While Darl did try and comfort Vardaman he is really grieving about Addie. Between the family members Darl and Jewel are really the only people who show emotion about her death in the story. Darl really didn’t get his mothers love, all the attention went to Jewel. “Her silence belies other kinds of power that haunt family members from beyond the grave” (Gault 442). He thinks he deserved it, because of this it results in a grudge between Darl and Jewel. Really Jewel was Addies favorite and not Darl. Even though she has passed she still makes people have these emotions.
When Addie was on her death bed she sent Darl out to do some work for Tull. Now that he will be out he will be missing out on his mother passing, which is why he took Jewel out on the trip. He wanted to make sure they both missed out on her passing. “ Her legacy is greater than expected because of the trouble she manages to cause the living” (Gault 442). This is why Darl is basically jealous of Jewel.
While they are on the trip Darl constantly and consistently taunts Jewel. He brings about about his mother’s death like do you know she’s dying or she’s going to die. “I make the case that Faulkner’s corpse metaphor emphasizes physical constraints” ( Gault 440). He talked it up so much now these buzzards are flying above them on the trip. Jewel, much less articulate and emotionally wooden, internalizes all of his pain, which causes him to lash out at anyone.
Jewel also resents his brother, for he was denied a goodbye to his mother, because of Darl’s actions. It would perhaps be not too far to say that he comes to hate Darl. Shortly after Addie’s death, Darl describes Jewel looking at him “his face suffused with fury and despair”. Jewel cares about his mother in the same incommunicable way that he cares about his horse. Don’t forget he remembers his mom like a horse just how Vardaman thinks his mom is a fish. . After she dies, he finds it difficult to cope. He seems to be the black sheep of the family, and his isolation from the rest of the characters only makes him more brooding and resentful.
Addies actions surrounding the birth of each child are reflected in his behavior throughout the novel. Faulkner’s purpose was to show how the Bundrens are unable to establish satisfactory relationships within the family. Addie Bundren is egocentric. She is interested more in forcing an awareness of herself on others than she is in caring for the needs of her children. But Addie possesses strength to force her violence upon the lives of her children.

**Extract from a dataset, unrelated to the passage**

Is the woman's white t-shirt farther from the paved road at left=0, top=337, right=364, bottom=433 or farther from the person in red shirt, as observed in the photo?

Though near the end when he protects Addie’s coffin from the fire Darl starts. Soon after this, Jewel insults a stranger, but eventually takes it back. This shows that there is hope for him yet. But just when Jewel starts to come to his senses, Darl loses his. Despite Darl always having the family’s best interests in mind, except for Jewel. he is eventually sent off to probably a jail house or asylum. This could be seen as an even further tearing apart of an already extremely dysfunctional family.

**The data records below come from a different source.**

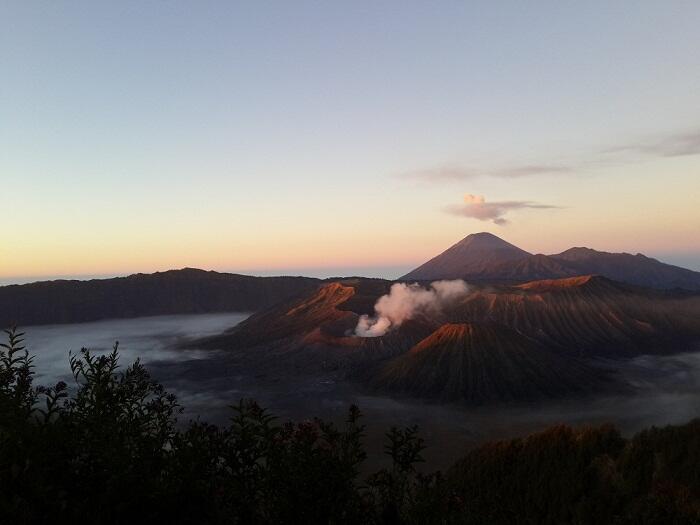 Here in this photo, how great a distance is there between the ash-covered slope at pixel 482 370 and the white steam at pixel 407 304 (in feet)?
66.4

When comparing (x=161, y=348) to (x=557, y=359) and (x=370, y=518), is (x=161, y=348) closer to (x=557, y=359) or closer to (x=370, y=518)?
(x=557, y=359)

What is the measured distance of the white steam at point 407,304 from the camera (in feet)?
308

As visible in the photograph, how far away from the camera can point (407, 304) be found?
107 meters

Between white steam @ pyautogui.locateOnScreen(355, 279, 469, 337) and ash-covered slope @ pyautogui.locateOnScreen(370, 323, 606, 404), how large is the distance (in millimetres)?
20240

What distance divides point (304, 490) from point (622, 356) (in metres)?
98.9

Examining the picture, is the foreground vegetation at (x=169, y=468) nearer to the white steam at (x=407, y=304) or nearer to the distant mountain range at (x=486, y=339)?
the distant mountain range at (x=486, y=339)

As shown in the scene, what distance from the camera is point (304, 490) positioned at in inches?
237

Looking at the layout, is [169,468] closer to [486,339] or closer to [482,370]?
[482,370]

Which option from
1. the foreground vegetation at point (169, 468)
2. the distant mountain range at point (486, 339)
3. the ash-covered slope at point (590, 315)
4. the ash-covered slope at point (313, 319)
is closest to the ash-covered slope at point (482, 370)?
the distant mountain range at point (486, 339)

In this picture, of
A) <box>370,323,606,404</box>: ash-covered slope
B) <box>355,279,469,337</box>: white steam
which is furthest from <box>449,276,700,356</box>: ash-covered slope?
<box>370,323,606,404</box>: ash-covered slope

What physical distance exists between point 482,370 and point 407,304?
4256 cm

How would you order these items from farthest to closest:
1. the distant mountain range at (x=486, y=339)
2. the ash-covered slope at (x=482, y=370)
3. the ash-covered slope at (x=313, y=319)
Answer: the ash-covered slope at (x=313, y=319) → the distant mountain range at (x=486, y=339) → the ash-covered slope at (x=482, y=370)

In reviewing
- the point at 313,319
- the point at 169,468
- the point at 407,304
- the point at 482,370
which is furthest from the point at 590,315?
the point at 169,468

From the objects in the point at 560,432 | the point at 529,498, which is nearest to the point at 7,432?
the point at 529,498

Darl was born unwanted and at a time when Addie came to the realization that she had been tricked by words. Darl has Addie’s awareness of the complexities of life, but as the rejected son, he rejects Addie’s twisted and horrible way of violence and destruction. Using his awareness, however, he seeks to achieve a sympathy and understanding with the family. This all ends up being a reason why he would land himself into the hospital or where he went.